Una de sus muchas fuentes, no señalada aún por la crítica, fue este libro de Schwob” (De la última solapa de la edición de Vidas… editado en la colección El Arcón de Emecé, 1998) Dos mujeres hubo en su vida. En 1890, Louise, una joven prostituta a la que amará con locura y que lo dejará cinco años después, abatida por la tisis: el estigma del hambre y la miseria. Casi sobre las cenizas de Louise conoce a su última pasión: Marguerite Moreno, actriz de fama, pero aún más notoria por su belleza y su voz, que Marcel juzga “irresistible, como de otro mundo”. Entre ese encuentro y Vidas Imaginarias transcurre un año, y quince hasta el extraño y terrible mal que lo matará… En sus biografías lo definen como neumonía o gripe…, pero son excusas dictadas por el asombro y la ignorancia. Según Marcel, “algo terrible se había apoderado de mis intestinos, y luego de operado me vi como un horrible cadáver eviscerado”. El triste final de Louise le inspiró los magníficos cuentos reunidos en El Libro de Monelle. Sus cuentos, a veces mágico cóctel de relato y poema, inspiraron a gigantes: entre ellos, Faulkner y Gide. Pero la historia de La Cruzada de los Niños, perla de la corona, tienta al delito de contarla.

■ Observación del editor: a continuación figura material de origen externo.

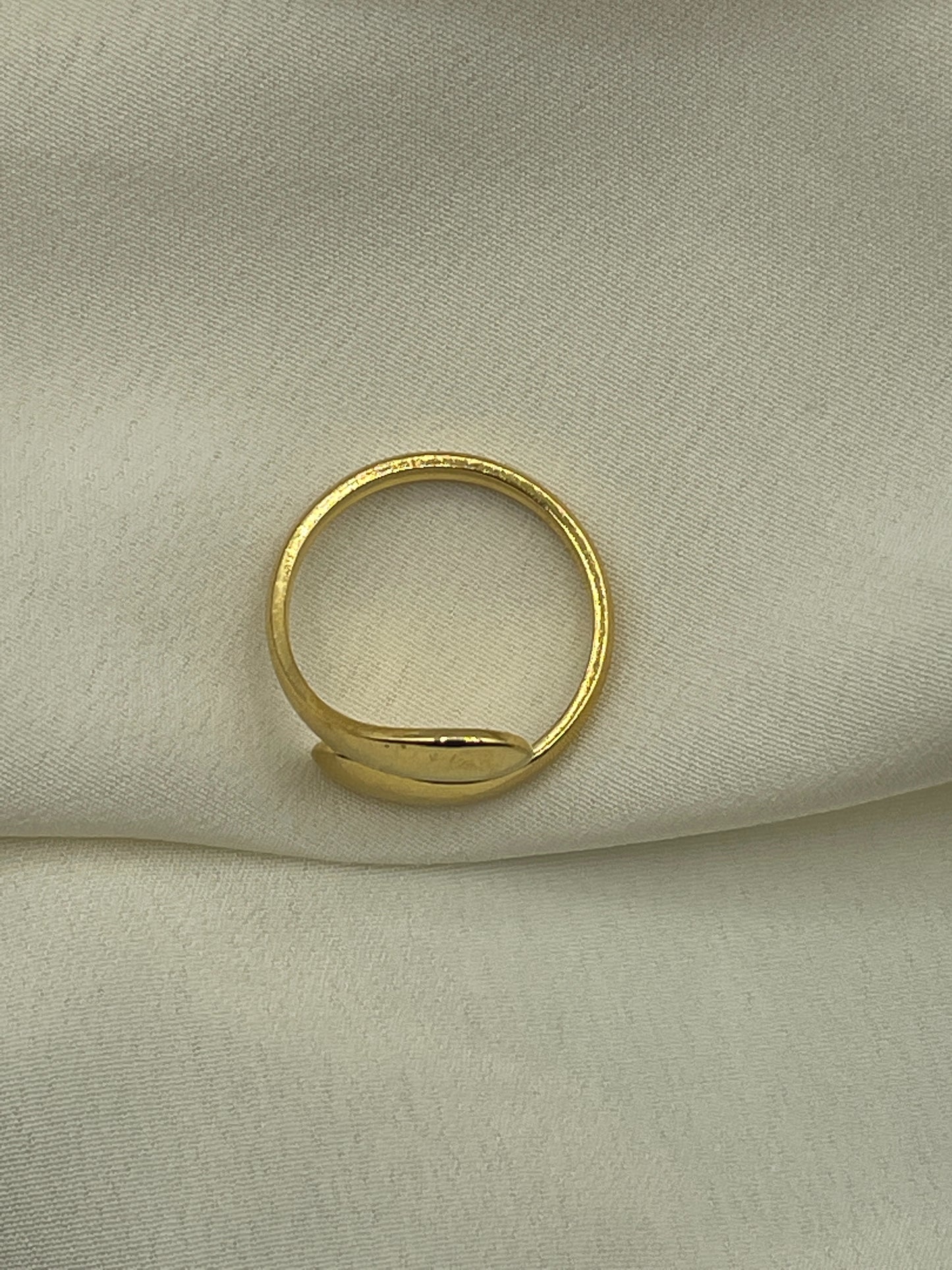 Simple Enlacing Ring Gold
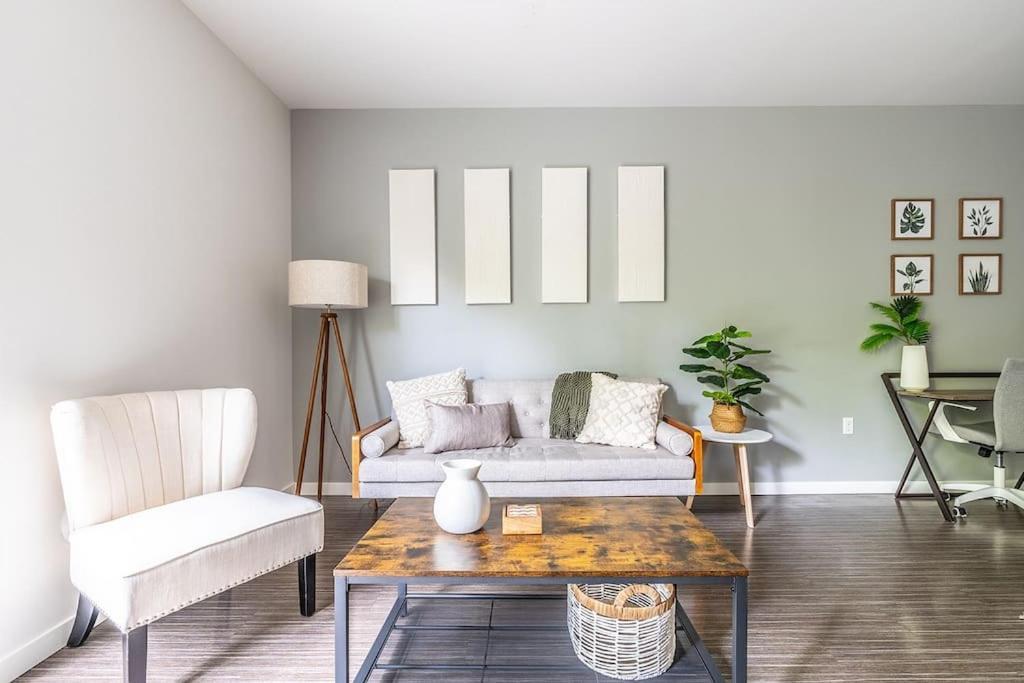 One Bedroom Luxury Apartment Seattle Eksteriør billede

CON PERDÓN, AQUÍ VA… Dos columnas de niños, impulsados por el fuego de la predica de unos monjes goliardos, parten –siglo XIII– de Flandes, norte de Alemania y Francia, rumbo a Jerusalén para liberar el Santo Sepulcro sin más armas que su fe y su inocencia. Una de las columnas zarpa desde Génova y una tempestad devora a sus barcos. La otra sale de Marsella y llega a Alejandría, pero no a la meta.